Slam and performance
are beasts unto themselves, and attention to their demands (in terms of rhythm
and LCD verbiage) cannot help but divert the poet’s attention from what may be
called poetic “root.” In interview and in passages from his work, Xavier
shows he is quite aware of the existence of this dichotomy and is simultaneously
captivated and infuriated by it. The mistake refugees from the Spoken Word
movement often make in trying to complete the jump to print eminence and
permanence is in believing that there is some elitist poetry cadre out there
with a sinister plan to keep SWers from significant publication. (Quite the
opposite is true, industry-wide at this point.) What is out there is a
group of literary editors and publishers who find it hard to foster the notion
that it’s okay for English-speaking poets to have a rudimentary grasp of the
language. Xavier makes clear, both in elegant and poignant phrase, and in his
decision to move towards a more de rigueur (though no less energetic) poetic
style that he has recognized this as an important issue. He suffers cries of “sell-out”

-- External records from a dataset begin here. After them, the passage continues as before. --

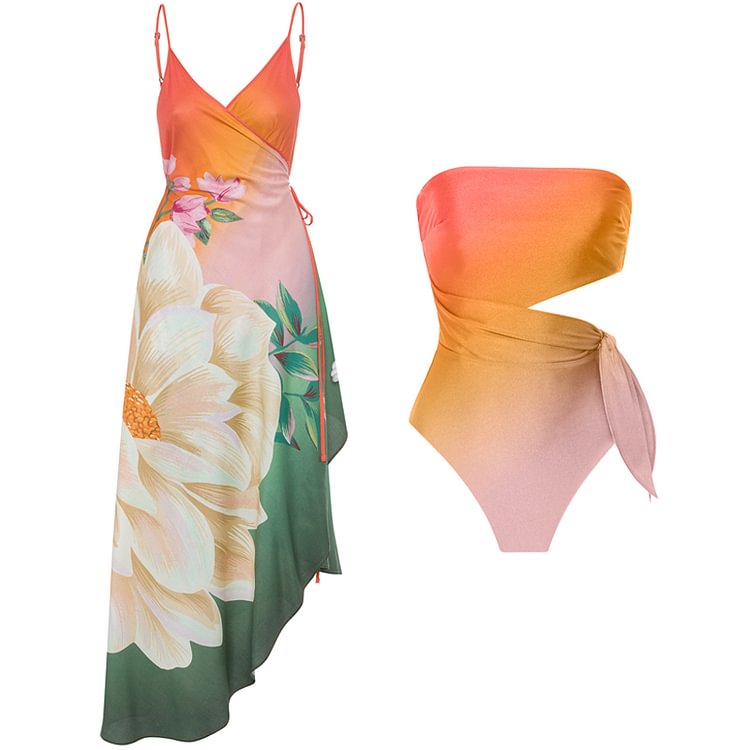 Gradient Bandeau Cut Out One Piece Swimsuit and Cover Up
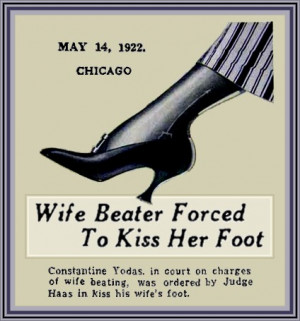 ... of wifebeating, was ordered by Judge Haas to kiss his wife’s foot
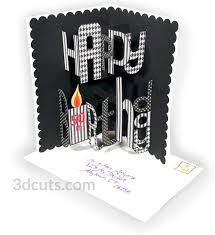 Happy Birthday Card Whimsy Font Pop Up 3dcuts Com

from one side and “weak execution” from the other. But his poetic eye is
sharp (when it’s open); his ear is keen (when it’s not tilted in pursuit of
applause); and his memory is filled with pertinent memories and sapience. I have
little doubt that, if he pays a modicum of attention to “real” poeticism and
language craft (Let’s start with the whole “lay/lie” thing, hmm?), he will
overcome his weaknesses and become a poet of prominence. If he dwells too much
on clichés, rap-shallow rhyme, and the oppressed victim angle, there is
doubt.
Yes, there is much
inconsistency in Xavier’s work, but we should reiterate that the strong work
is peculiarly strong and probably worth a look (an extra plug for the poem “Risk,”
which balances common relationship jargon with riveting memories of violence
against homosexuals—gripping stuff). Though the book is nicely mounted (good
job by Suspect Thoughts Press on presentation), we might be more prone to
recommend it were its price more in keeping with its razor-thin profile. Still,
if you have some money to burn and would like a glimpse inside the fascinating
world of a gay Ecuadorian/Nuyorican former prostitute, this may be the book for
you. There is some worthy matter here.